2. Beautiful, Quiet Beaches
Myanmar proudly owns more than two thousand kilometers of coastline and some of the most beautiful beaches in Asia. Many stretch along the Bay of Bengal and remain undiscovered by tourists and unspoiled by local authority. Ngapali is considered the most well-known beach in Myanmar, and is just a 45-minute ride from Yangon.
3. Clean and Pristine USD
ATMs are a bit easier to find in Myanmar than they used to be, but problems still arrive with travellers not being able to make withdrawals. To be on the safe side, bring enough US dollars to pay for your entire trip. Moreover, you also need to keep your money as clean and pristine as possible. Any tiny crease, tear or tiny stain could be grounds for refusal to be accepted in Myanmar. For smaller exchanges and general pocket money, exchange some of your cash for the local kyat which isn’t held to the same standard of cleanliness as USD. Credit cards and cheques are also accepted in 5-star hotels as well as high-end restaurants.
4. Kiss for a Beer
In Myanmar, when you want your server’s attention, the custom is to make a kissing sound, about 2 or 3 times. Although it may seem unsual, you’ll be surprised at how effective kissing noises are to get someone’s attention!

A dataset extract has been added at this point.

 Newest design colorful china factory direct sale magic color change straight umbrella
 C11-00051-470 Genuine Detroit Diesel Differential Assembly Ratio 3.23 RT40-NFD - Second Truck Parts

5. Hotels Are Still Pricey
Room rates in Myanmar are much higher than other countries of South East Asia. Since Myanmar has opened up, a lot of travellers around the world have made the journey. However, many hotels are still under construction in order to eventually meet visitors’ high demands. Therefore room rates are still high and there are still not many hotels outside of major cities.
6. Men Wear skirts
Known in Burmese as the longyi, this traditional form of dress is worn by both men and women, everywhere. A square piece of fabric that wraps around the waist, it is worn by many men all over the country. While men usually tie their longyi in front, women fold their cloth over and secure it to the side. This dress is not only practical for labour, longyi are comfortable and easy to wear when temperatures climb to 40°C! Wether you’re in the city or the rural countryside, don’t be too surpised to see a shirtless man in a skirt!
7. Eat With Your Right Hand
Eating with left hand in Burma is considered a rude action because this hand only use for personal hygiene. Be careful when eating or giving money to someone, always remember doing with your right hand. Furthermore, Burmese use their fingertips to squeeze the rice into small balls and mix them with other dishes as they eat.
8. Newspaper Stands Abound in Yangon
During the period restricted information, reading newspaper was the only way for Burmese to know about the world outside their country. It is still an important source of information as well as pride, and you’re bound to see hundreds of vendours dotting the streets of Yangon.
9. The Betel Nut Habit
Chewing betel nuts is a daily hobby of the Burmese. Vendors sell them all over the country and they are a favourite for many locals. The betel nut is wrapped in betel leaf with some tobacco and spices and chewed but never swallowed. They’re enjoyed like chewing tobacco, chewed and chewed and chewed until the flavour wears off. This head buzzing hobby also causes your teeth and spit to turn red, so don’t be surprised if you see the odd red stain on the sidewalk!
10. Cheeroot Cigars
Another unsual local custom are hand rolled cheeroot cigars, with various aromatic flavours. These cigars are a centuries old tradition of Myanmar that many locals swear by! At Inle Lake, you can see firsthand the ethnic communities rolling hundreds of these in precise and calming fashion.